* [Exercise description] Every record must be output verbatim in the reply.

* [Provided data]

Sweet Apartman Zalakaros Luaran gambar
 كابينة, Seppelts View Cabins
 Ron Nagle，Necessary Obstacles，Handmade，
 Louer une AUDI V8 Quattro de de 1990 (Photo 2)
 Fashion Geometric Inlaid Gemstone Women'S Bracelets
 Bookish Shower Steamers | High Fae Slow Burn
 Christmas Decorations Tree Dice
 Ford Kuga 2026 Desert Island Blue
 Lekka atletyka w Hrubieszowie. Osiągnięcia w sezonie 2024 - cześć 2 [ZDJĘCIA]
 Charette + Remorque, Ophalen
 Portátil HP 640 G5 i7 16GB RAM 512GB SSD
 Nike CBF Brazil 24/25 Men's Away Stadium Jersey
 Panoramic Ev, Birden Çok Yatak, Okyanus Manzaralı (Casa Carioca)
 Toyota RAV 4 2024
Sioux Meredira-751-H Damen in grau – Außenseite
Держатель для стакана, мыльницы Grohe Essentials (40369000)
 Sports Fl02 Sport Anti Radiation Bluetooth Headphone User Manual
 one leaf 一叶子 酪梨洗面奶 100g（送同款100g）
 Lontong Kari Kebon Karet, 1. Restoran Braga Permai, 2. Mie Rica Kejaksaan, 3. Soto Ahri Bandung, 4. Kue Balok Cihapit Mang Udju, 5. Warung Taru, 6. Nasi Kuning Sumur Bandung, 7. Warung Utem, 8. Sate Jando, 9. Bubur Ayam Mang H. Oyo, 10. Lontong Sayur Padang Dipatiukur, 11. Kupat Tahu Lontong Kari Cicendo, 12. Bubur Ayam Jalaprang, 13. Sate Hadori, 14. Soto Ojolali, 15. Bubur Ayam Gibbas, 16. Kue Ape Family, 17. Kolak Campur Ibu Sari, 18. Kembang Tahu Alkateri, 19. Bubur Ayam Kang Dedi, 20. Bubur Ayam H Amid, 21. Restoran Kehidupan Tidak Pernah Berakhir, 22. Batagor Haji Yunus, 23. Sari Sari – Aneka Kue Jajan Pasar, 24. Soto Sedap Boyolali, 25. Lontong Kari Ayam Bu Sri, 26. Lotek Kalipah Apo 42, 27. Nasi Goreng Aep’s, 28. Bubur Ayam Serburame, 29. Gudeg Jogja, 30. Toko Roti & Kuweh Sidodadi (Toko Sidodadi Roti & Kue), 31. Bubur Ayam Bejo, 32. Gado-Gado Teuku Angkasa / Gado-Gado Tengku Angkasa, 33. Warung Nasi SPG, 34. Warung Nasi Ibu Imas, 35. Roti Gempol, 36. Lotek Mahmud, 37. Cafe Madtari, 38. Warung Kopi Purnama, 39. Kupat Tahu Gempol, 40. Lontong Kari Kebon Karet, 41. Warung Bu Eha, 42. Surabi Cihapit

* [Exercise output]
Sweet Apartman Zalakaros Luaran gambar
 كابينة, Seppelts View Cabins
 Ron Nagle，Necessary Obstacles，Handmade，
 Louer une AUDI V8 Quattro de de 1990 (Photo 2)
 Fashion Geometric Inlaid Gemstone Women'S Bracelets
 Bookish Shower Steamers | High Fae Slow Burn
 Christmas Decorations Tree Dice
 Ford Kuga 2026 Desert Island Blue
 Lekka atletyka w Hrubieszowie. Osiągnięcia w sezonie 2024 - cześć 2 [ZDJĘCIA]
 Charette + Remorque, Ophalen
 Portátil HP 640 G5 i7 16GB RAM 512GB SSD
 Nike CBF Brazil 24/25 Men's Away Stadium Jersey
 Panoramic Ev, Birden Çok Yatak, Okyanus Manzaralı (Casa Carioca)
 Toyota RAV 4 2024
Sioux Meredira-751-H Damen in grau – Außenseite
Держатель для стакана, мыльницы Grohe Essentials (40369000)
 Sports Fl02 Sport Anti Radiation Bluetooth Headphone User Manual
 one leaf 一叶子 酪梨洗面奶 100g（送同款100g）
 Lontong Kari Kebon Karet, 1. Restoran Braga Permai, 2. Mie Rica Kejaksaan, 3. Soto Ahri Bandung, 4. Kue Balok Cihapit Mang Udju, 5. Warung Taru, 6. Nasi Kuning Sumur Bandung, 7. Warung Utem, 8. Sate Jando, 9. Bubur Ayam Mang H. Oyo, 10. Lontong Sayur Padang Dipatiukur, 11. Kupat Tahu Lontong Kari Cicendo, 12. Bubur Ayam Jalaprang, 13. Sate Hadori, 14. Soto Ojolali, 15. Bubur Ayam Gibbas, 16. Kue Ape Family, 17. Kolak Campur Ibu Sari, 18. Kembang Tahu Alkateri, 19. Bubur Ayam Kang Dedi, 20. Bubur Ayam H Amid, 21. Restoran Kehidupan Tidak Pernah Berakhir, 22. Batagor Haji Yunus, 23. Sari Sari – Aneka Kue Jajan Pasar, 24. Soto Sedap Boyolali, 25. Lontong Kari Ayam Bu Sri, 26. Lotek Kalipah Apo 42, 27. Nasi Goreng Aep’s, 28. Bubur Ayam Serburame, 29. Gudeg Jogja, 30. Toko Roti & Kuweh Sidodadi (Toko Sidodadi Roti & Kue), 31. Bubur Ayam Bejo, 32. Gado-Gado Teuku Angkasa / Gado-Gado Tengku Angkasa, 33. Warung Nasi SPG, 34. Warung Nasi Ibu Imas, 35. Roti Gempol, 36. Lotek Mahmud, 37. Cafe Madtari, 38. Warung Kopi Purnama, 39. Kupat Tahu Gempol, 40. Lontong Kari Kebon Karet, 41. Warung Bu Eha, 42. Surabi Cihapit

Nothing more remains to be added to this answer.